The family vowed afterward to appeal to the Supreme Court, but with the clock ticking, it looked like Lee would be breathing his last breaths on Monday. Hours before he was set to be executed, however, another court ruling stopped authorities in their tracks.

NBC News reported:

U.S. District Judge Tanya Chutkan in Washington, D.C., said the three death row inmates [including Lee], and a fourth whose execution is scheduled for August, can pursue their claim that the federal government’s plan to use a single drug will cause severe pain and needless suffering.

Lee’s execution will likely now be delayed until that case can make its way through the system.

“A sentence of death”

As this situation shows, murderers like Daniel Lewis Lee often spend decades in prison waiting for execution, but thanks to political interference, their deaths are frequently delayed.
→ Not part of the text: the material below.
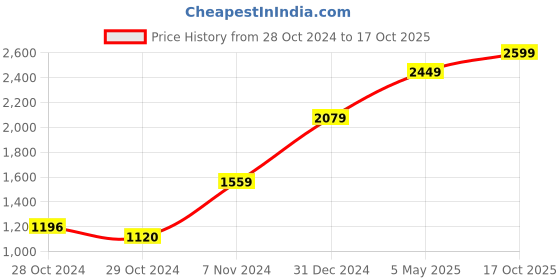 ajio.com hiroshi Men  Leather Wallet hiroshi Price History Graph from 28 Oct 2024 to 17 Oct 2025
This has made capital punishment extremely costly for taxpayers.

But as Barr said in a statement published last month, the victims of these crimes — and their families “left behind” — deserve justice.

“The American people, acting through Congress and Presidents of both political parties, have long instructed that defendants convicted of the most heinous crimes should be subject to a sentence of death,” Barr wrote June 15.

He went on: “We owe it to the victims of these horrific crimes, and to the families left behind, to carry forward the sentence imposed by our justice system.”